ASSIGNMENT: Would you copy the entries that follow exactly, leaving out every picture?
---- DATA EXTRACTS
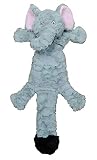 Jolly Pets Fat Tail Elephant Plush Squeaky Dog Toy, Small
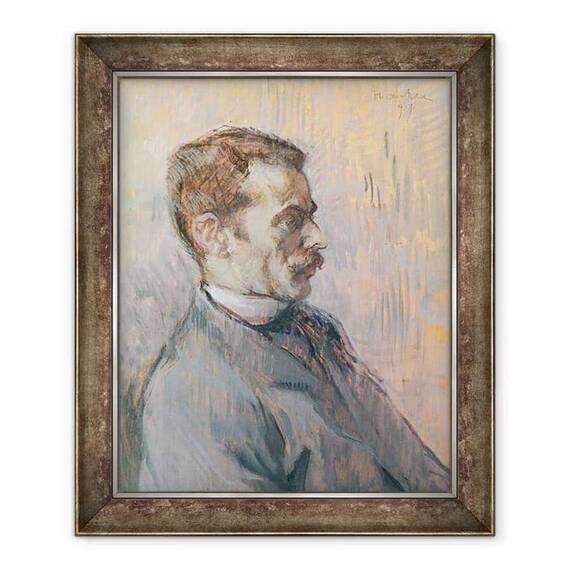Tablou inramat - Henri de Toulouse-Lautrec - Garda mea, Chateau de Madrid la Neuilly - - Roveli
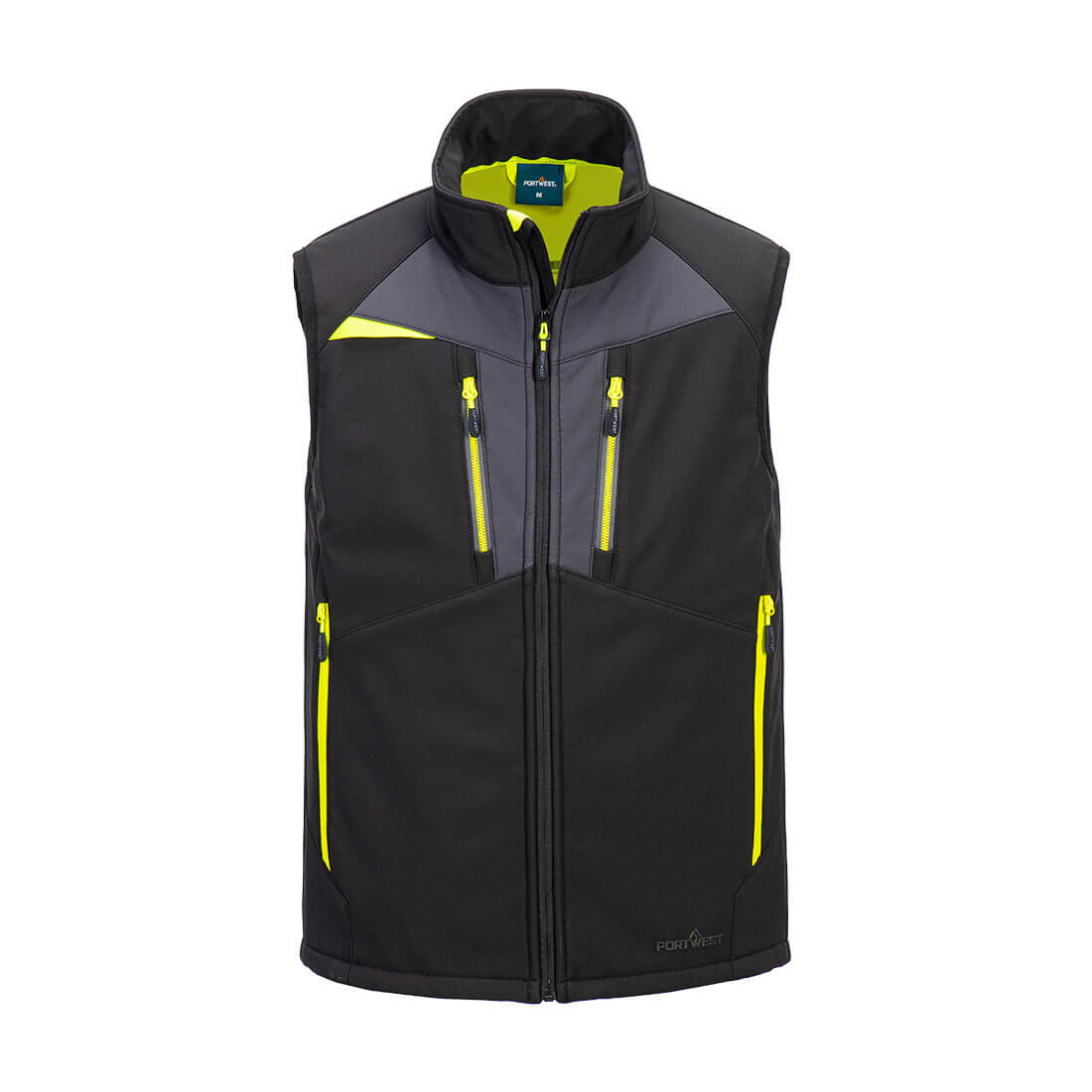 Hazkit - Portwest Waterproof Windproof Winter Softshell Gilet DX4 - Black DX476 - Portwest
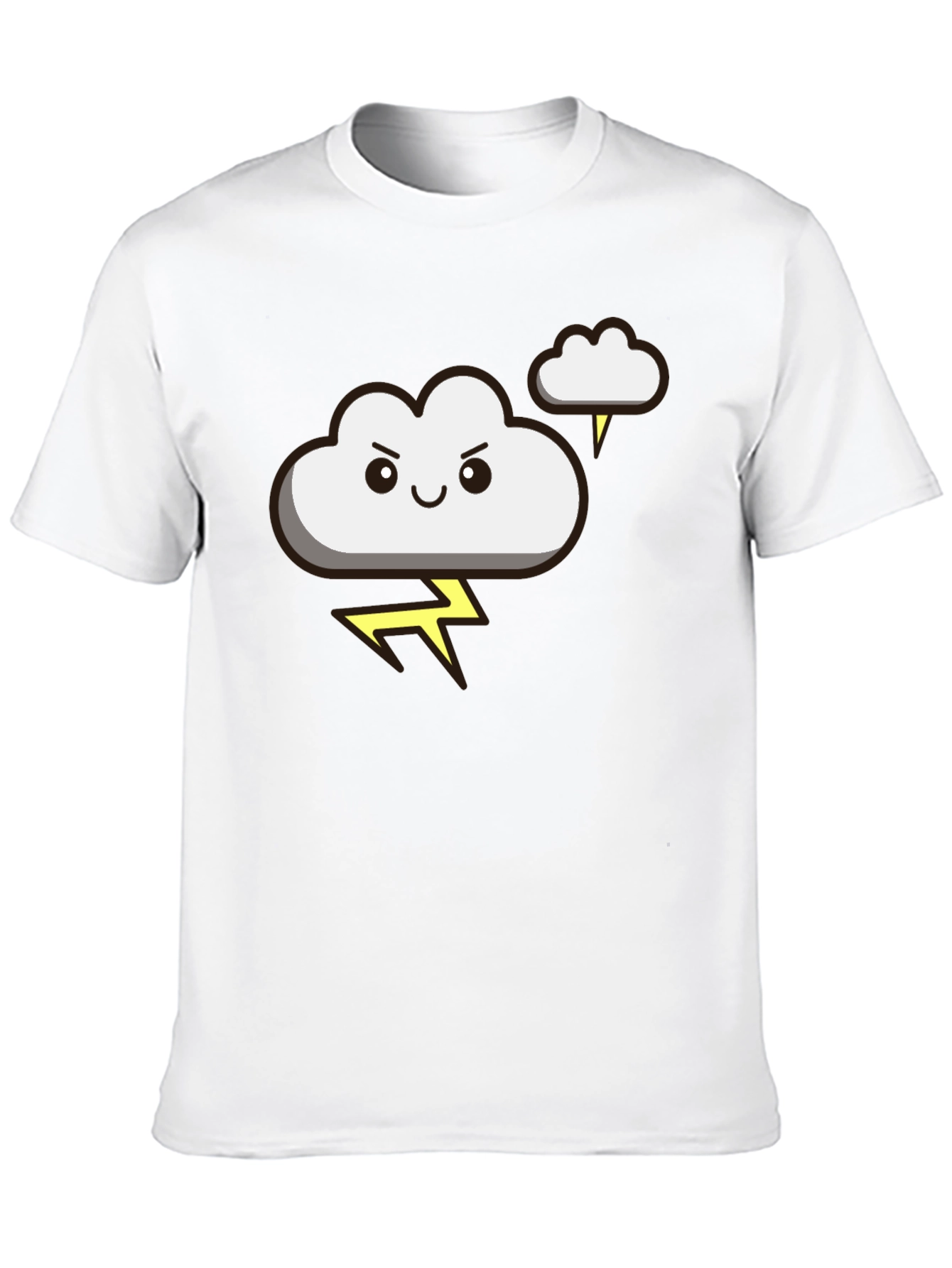 Funny Storm Cloud T-Shirt - Lightning Graphic Tee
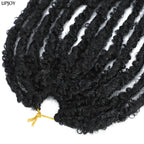 Butterfly Locs Crochet Hair 12 inch Handmade Butterfly Soft Locs Crochet Hair Extensions Synthetic Braiding Hair 12Strands/pack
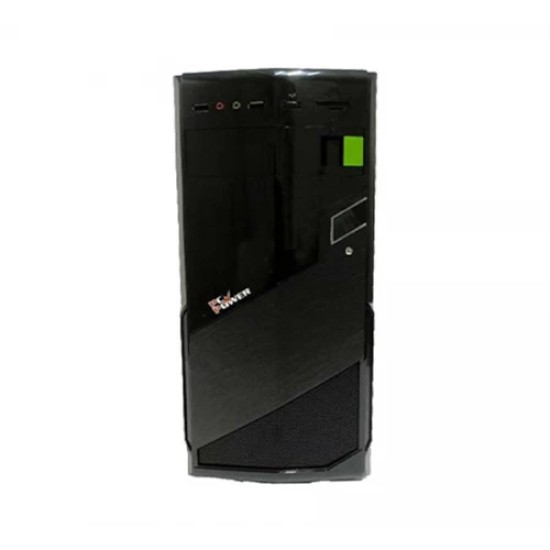 PC Power 180J Mid Tower Black Desktop Casing with Standard PSU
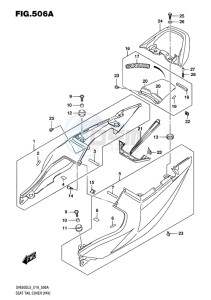 SV650S EU drawing SEAT TAIL COVER (YAY)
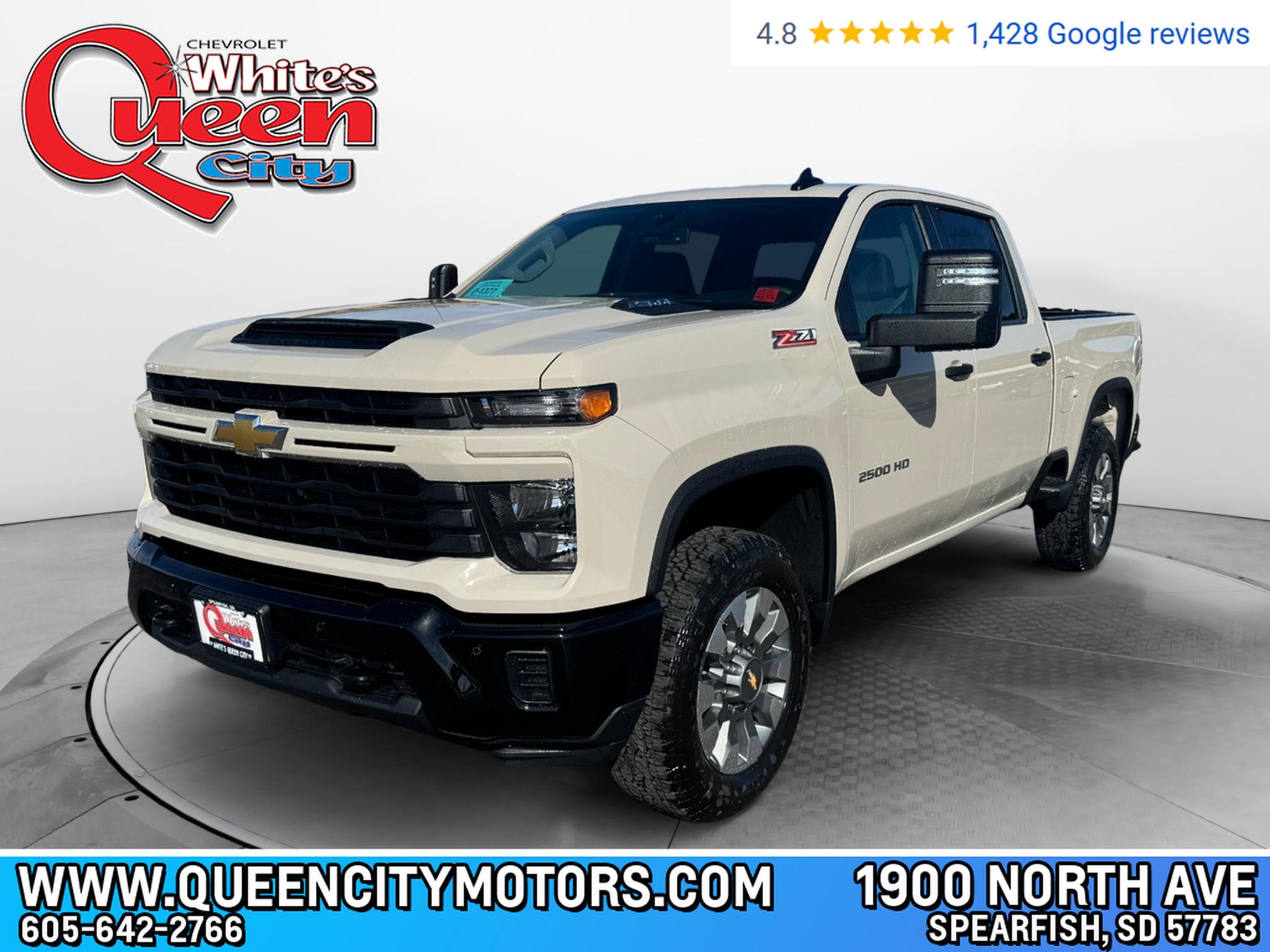 New 2026 Chevrolet Silverado Custom Crew Cab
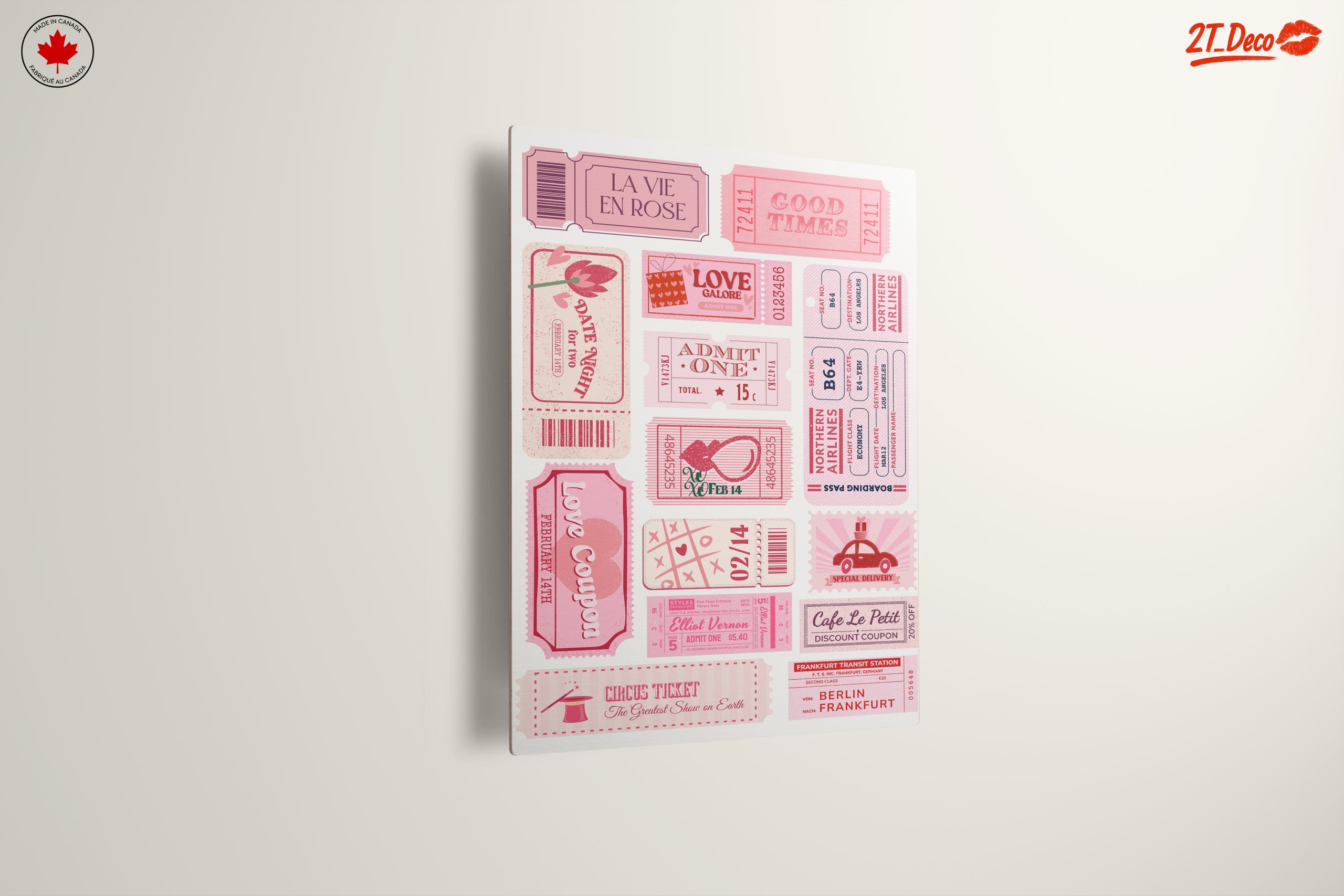 Colorful Ticket Collage Art - Image 13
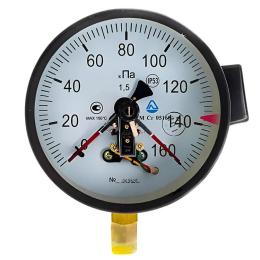 Манометр електроконтактний ДМ Сг 05160 160кПа 1,5 Склоприлад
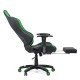 Scaun Gaming cu suport de picioare si rabatabil OFF 306 verde Scaun Gaming cu suport de picioare si rabatabil OFF 306 verde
--------
ANSWER FOR THIS EXERCISE:
 Jolly Pets Fat Tail Elephant Plush Squeaky Dog Toy, Small
Tablou inramat - Henri de Toulouse-Lautrec - Garda mea, Chateau de Madrid la Neuilly - - Roveli
 Hazkit - Portwest Waterproof Windproof Winter Softshell Gilet DX4 - Black DX476 - Portwest
 Funny Storm Cloud T-Shirt - Lightning Graphic Tee
 Butterfly Locs Crochet Hair 12 inch Handmade Butterfly Soft Locs Crochet Hair Extensions Synthetic Braiding Hair 12Strands/pack
 PC Power 180J Mid Tower Black Desktop Casing with Standard PSU
 SV650S EU drawing SEAT TAIL COVER (YAY)
 New 2026 Chevrolet Silverado Custom Crew Cab
 Colorful Ticket Collage Art - Image 13
 Манометр електроконтактний ДМ Сг 05160 160кПа 1,5 Склоприлад
 Scaun Gaming cu suport de picioare si rabatabil OFF 306 verde Scaun Gaming cu suport de picioare si rabatabil OFF 306 verde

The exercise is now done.